Strange night, a prose night. Driving down Baxter to Beechwood, the air whistling through the window, car lights like sailing ships hoisted to a downtown Saturday night. Feral, voiceless screams from each carseat. Memories so thick in the night air of that street, like moths. Jimmy Johns, there on the left, a green and red sign. That Jimmy Johns, where I had sun-drenched lunches in the heat of Friday afternoons, outside with Kat. A long entry that. Someday, I'll put that down, that explanation of a strange life, my foolishness, and a stupidity. Someday.

Memories alive and buzzing along Baxter tonight. The streetlights ghosts, spun in steel. Each houselight a soul, nailed to the cross of an outside wall. The warding of evil. People going places, strangers wandering down the medians. The downtown off in the distance, felt in the buzzing of its neon. Live wire under the floorboards, I can hear it, feel it in my toes.

Leaning over the railing, watching the lights across the street highlight the trees in jungle sense, growls of students on the prowl, heading to fun and excitement. I am reminded of my old apartment complex. The Christmas I spent there, taking my Christmas Eve walk, climbing back up the hill through the forest darkness, cresting it to the complex and I can still see the full length of the building, each outside light starry and distant. So much it looked like an ocean liner through the fog. Long and light, bright, riding low in the forest green sea. So much wonder of that sight, this new place misses that charm. Best I get is leaning over the railing, watching the trail of my cigar spit hit the grass below. I get the feeling of height, and I want to perch in the high places of the world. Crouch on the branch of a cloud, hang off the spire of a mountain, nest in the tree at the end of eternity. Isolated and pure, watching the world spin below, as distant and understandable as a star.

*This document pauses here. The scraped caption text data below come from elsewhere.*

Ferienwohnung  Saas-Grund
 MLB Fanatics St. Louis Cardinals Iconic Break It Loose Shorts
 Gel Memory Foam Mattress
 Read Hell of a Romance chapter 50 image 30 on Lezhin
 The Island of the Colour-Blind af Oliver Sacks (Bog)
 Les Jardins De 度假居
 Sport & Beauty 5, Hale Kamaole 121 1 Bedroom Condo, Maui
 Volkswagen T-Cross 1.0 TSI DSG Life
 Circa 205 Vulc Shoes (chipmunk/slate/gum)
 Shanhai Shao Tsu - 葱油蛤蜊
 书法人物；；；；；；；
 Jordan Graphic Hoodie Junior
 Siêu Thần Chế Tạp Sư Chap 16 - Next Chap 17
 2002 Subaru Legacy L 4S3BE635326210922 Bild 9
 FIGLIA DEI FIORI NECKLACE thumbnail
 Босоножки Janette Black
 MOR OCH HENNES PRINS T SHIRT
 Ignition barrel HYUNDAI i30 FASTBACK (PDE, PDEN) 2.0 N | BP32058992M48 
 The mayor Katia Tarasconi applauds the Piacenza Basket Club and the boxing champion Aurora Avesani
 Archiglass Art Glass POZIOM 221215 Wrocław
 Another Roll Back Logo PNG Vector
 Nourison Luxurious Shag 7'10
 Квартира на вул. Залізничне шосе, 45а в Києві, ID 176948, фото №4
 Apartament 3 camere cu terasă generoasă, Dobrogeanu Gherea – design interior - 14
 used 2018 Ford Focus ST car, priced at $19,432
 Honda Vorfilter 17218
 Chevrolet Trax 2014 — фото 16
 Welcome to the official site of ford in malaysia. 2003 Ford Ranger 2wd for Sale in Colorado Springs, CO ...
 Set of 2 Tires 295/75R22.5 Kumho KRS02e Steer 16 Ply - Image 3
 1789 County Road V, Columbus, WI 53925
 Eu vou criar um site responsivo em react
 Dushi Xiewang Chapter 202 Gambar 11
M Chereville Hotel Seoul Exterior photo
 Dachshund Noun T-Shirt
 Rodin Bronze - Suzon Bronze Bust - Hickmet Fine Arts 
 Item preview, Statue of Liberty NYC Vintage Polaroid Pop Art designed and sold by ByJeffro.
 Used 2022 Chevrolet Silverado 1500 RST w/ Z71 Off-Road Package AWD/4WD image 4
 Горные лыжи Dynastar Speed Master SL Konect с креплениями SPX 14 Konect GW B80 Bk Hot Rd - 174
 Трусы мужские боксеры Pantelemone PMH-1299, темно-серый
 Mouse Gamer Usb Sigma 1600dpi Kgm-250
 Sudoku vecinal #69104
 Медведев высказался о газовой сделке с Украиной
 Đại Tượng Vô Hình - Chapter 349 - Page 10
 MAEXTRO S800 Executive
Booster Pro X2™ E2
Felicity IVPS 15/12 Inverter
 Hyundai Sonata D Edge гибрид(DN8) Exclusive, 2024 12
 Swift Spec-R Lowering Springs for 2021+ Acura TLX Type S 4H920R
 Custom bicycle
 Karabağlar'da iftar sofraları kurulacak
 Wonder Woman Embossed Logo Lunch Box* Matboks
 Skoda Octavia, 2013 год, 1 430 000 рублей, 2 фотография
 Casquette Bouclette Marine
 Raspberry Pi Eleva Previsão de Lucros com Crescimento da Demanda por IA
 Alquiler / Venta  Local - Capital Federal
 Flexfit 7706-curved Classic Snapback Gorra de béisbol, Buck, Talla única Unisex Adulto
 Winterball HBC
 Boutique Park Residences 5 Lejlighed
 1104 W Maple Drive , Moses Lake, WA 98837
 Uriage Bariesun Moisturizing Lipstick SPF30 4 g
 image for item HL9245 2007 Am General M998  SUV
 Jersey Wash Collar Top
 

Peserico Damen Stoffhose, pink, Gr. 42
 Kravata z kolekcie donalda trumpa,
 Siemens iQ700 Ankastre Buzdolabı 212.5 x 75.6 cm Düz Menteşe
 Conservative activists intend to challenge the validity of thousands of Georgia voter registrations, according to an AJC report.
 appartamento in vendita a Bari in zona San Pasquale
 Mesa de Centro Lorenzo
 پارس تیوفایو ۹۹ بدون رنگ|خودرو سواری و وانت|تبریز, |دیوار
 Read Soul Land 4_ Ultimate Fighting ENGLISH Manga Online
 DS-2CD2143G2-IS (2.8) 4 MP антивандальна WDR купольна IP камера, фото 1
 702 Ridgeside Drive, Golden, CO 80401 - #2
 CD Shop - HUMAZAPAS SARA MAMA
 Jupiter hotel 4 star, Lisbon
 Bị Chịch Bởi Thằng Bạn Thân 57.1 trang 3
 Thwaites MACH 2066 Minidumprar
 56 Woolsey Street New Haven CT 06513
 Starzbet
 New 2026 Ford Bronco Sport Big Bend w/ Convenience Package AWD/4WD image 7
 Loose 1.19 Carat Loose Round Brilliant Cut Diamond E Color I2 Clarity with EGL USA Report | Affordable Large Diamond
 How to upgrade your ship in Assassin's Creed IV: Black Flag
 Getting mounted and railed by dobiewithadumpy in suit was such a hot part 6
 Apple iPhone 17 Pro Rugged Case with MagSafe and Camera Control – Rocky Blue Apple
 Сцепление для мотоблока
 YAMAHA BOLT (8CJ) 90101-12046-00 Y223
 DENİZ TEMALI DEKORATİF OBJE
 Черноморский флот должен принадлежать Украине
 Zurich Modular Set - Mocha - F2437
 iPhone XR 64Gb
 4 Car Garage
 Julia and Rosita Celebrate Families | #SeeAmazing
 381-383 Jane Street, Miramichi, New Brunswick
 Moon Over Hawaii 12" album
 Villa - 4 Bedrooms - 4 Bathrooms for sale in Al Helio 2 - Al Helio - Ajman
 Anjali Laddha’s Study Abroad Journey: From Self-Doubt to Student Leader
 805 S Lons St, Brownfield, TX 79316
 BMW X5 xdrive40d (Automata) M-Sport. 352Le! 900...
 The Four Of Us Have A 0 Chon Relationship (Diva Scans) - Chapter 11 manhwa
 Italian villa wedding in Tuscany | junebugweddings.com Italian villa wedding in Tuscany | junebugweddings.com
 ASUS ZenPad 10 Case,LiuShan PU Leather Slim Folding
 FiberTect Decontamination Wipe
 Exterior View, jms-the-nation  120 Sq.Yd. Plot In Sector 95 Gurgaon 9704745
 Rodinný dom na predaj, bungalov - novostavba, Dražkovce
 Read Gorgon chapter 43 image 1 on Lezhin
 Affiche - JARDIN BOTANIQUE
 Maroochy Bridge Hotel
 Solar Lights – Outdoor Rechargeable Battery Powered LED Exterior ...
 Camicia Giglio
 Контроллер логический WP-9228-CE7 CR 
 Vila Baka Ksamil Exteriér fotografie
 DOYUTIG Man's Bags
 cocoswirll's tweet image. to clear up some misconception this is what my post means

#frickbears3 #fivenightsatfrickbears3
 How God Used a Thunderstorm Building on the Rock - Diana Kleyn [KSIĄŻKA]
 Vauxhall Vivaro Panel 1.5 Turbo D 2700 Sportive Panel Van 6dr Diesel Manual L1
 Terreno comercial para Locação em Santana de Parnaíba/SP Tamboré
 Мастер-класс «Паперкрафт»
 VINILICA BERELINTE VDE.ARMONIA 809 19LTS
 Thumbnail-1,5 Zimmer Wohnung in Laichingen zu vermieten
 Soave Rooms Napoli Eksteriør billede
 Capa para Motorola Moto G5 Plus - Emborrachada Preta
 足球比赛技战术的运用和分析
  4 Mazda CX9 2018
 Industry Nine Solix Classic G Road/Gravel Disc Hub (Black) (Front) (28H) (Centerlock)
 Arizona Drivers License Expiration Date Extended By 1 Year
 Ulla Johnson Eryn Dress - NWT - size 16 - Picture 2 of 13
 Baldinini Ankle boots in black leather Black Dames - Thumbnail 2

I saw Caroline's band last night. She changed her hair. It used to be in pigtails in my lab. She shortened it, bunched it, caught a bit of the seventies in the pins. She looked attractive, more so than in my memory, which is a feat given my memory of her. The smile of her face, the smile of her midriff. She sang in a higher register than I expected. I don't know exactly what a I expected, maybe something akin to a husky german cabaret. I think she screams a little too much in the songs, but that's the opinion of a man with little opinion. Spoke for a few minutes after the set, but I could see she had people to talk to. But she did kind of find me out and talk for a few minutes. Strange that, attention. Probably to help with promotion. How'd you like the show, how's classes this semester, next gig coming up, make sure to bring people. I don't mind being a mule. Hell, don't mind nothing. But I will write her to give her my thoughts, simply because I can express better in the email. Guess I'm just an awkward funk.

Heh.

Tom Waits playing low on the stereo. Right kind of music for the night. Beat generation, but from the LA side, not the Greenwich Village Beatnik, not a hepcat but a hipster. Five-star Reverand of the Saturday night. Weekly pastor of the Ivar Theatre burlesque. Mourner of the Empty Bottle Sorrow. Representitive of Our Lady of Drunkards. Testimony, 2AM death of bar rooms.

Christ, why is that I feel most comfortable with any generation but my own. I could live with the glint, glitz and glamour of the 30's. Lost man for a Lost Generation. Patriotism and showmanship of the 40's. Working man, meat and potato man of the 50's, minus the sexism. Listening to this music I could love/understand the 2 AM steam-drenched streets of LA in the 60's, stumbling from one bar to the next, piano men and jazz quartets grumbling to drunks and lost. But I feel no home in my generation. There is no there there.

These words are a parody. They are poetry in my head, silly fool lines in the illusion of my screen. They are jumbled, jangled on the way from eyeballs to fingertips. I should give up on my story, on any idea of writing. I have not the wit for it.

Memories thick like white-winged moths tonight. Meloncholy moths. The gliding, the sliding, the beat beat beat of wings, slick against my face. Brush them away with my hands. The chilled booze calls in a horse, throaty hum from my fridge, and the CD is changing. Clock reads 12:30, it's the sabbath. This song is crap, I have to change it. I've got to sign off. A futile half hour has died on the keys of my keyboard, and I'll bury it on the server. Just a headstone to a deranged mind, the synapses buzz and burst like a wire on the fritz. Tomorrow will bring a day of...nothing really. Just a stall until the semester ends, and I have to start work in earnest. I just don't want to work until this nightmare month is put out of its misery. A night of alcohol and vomit awaits me, and I will happily toss my body into its jaws, if only to have one night blocked from memory. Just a night I don't remember, where anything could have happened, so long as I don't remember it.